- [TASK GOAL] I'd like the data beneath this line reproduced exactly, without any of its images.

- [RECORDED INFORMATION]
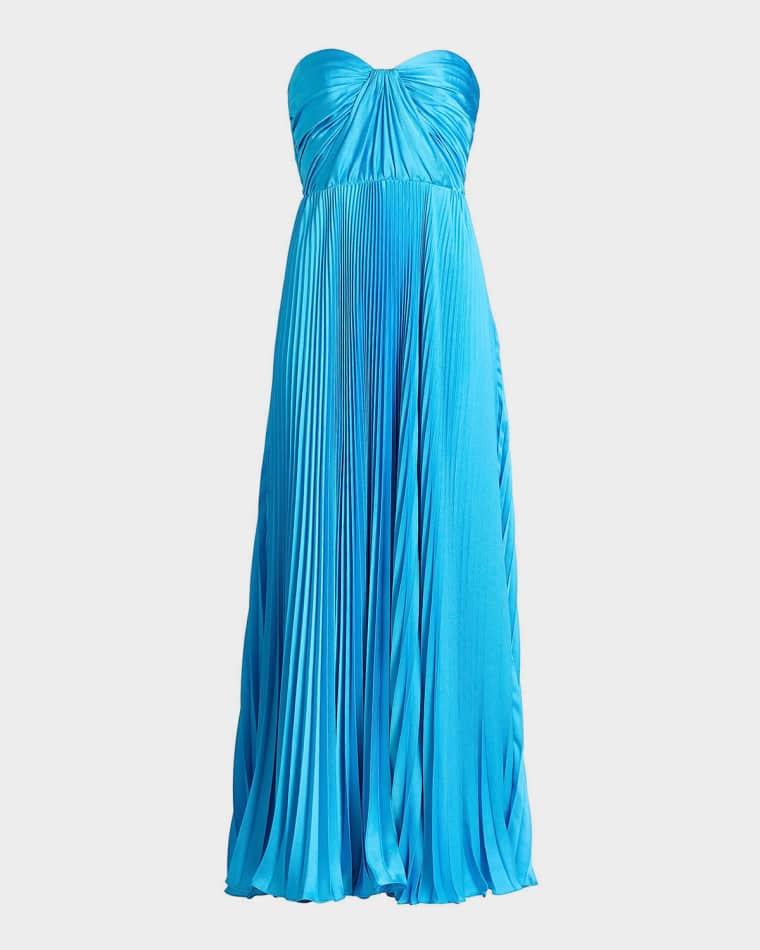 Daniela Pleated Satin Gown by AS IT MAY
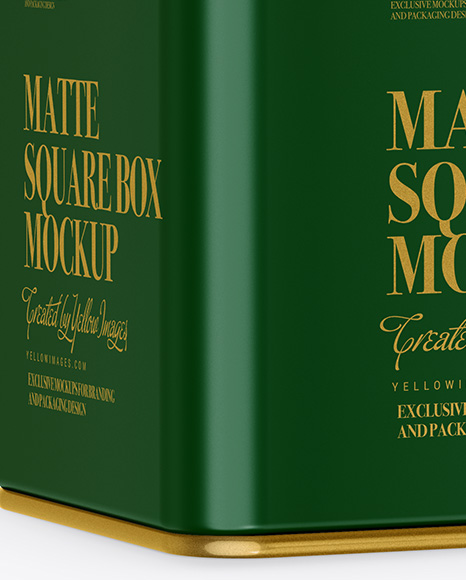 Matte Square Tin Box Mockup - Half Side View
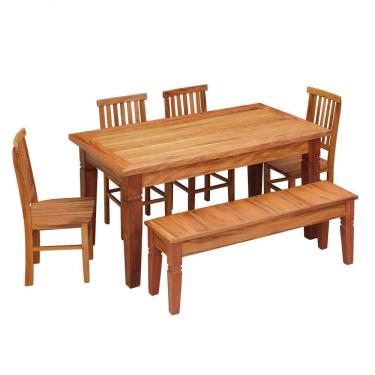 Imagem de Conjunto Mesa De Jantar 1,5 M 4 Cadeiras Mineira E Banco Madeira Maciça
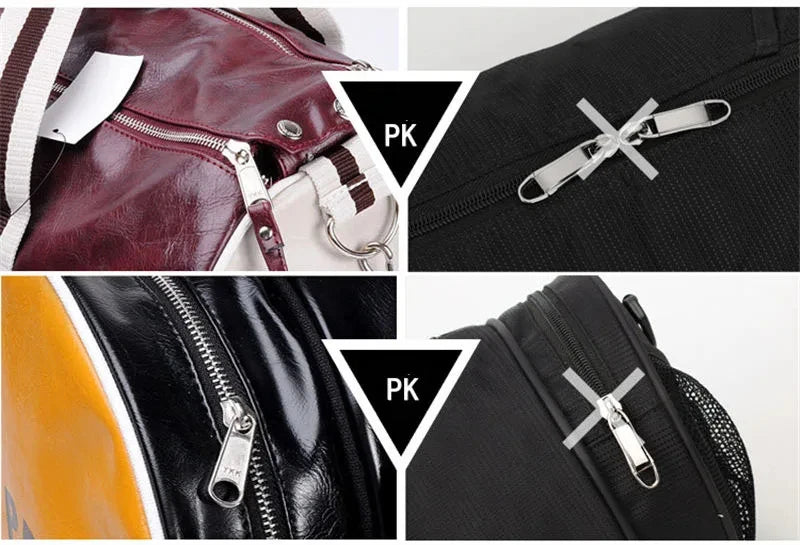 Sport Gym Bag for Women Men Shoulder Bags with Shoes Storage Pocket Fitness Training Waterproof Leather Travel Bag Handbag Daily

- [WRITTEN RESPONSE]
 Daniela Pleated Satin Gown by AS IT MAY
 Matte Square Tin Box Mockup - Half Side View
 Imagem de Conjunto Mesa De Jantar 1,5 M 4 Cadeiras Mineira E Banco Madeira Maciça
 Sport Gym Bag for Women Men Shoulder Bags with Shoes Storage Pocket Fitness Training Waterproof Leather Travel Bag Handbag Daily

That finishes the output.